Below is a listing. Quote from it, exactly, the lines from the one containing "Santa Claus Christmas" down to the one containing "Proform 831.297481 User Manual", both ends included, and nothing else.

- [Provided entries]:
▶

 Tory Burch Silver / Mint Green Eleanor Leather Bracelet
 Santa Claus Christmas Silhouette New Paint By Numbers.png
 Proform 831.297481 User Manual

◀
▶

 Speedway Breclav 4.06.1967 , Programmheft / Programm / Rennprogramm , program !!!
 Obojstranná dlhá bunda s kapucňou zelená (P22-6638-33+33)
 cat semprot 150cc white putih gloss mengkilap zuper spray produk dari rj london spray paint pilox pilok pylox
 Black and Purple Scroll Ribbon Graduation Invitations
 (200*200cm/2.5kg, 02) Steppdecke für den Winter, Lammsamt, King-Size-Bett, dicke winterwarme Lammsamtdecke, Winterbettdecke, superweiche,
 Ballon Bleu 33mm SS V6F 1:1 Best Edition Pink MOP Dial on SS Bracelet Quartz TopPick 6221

◀

- [Solution below]:
 Santa Claus Christmas Silhouette New Paint By Numbers.png
 Proform 831.297481 User Manual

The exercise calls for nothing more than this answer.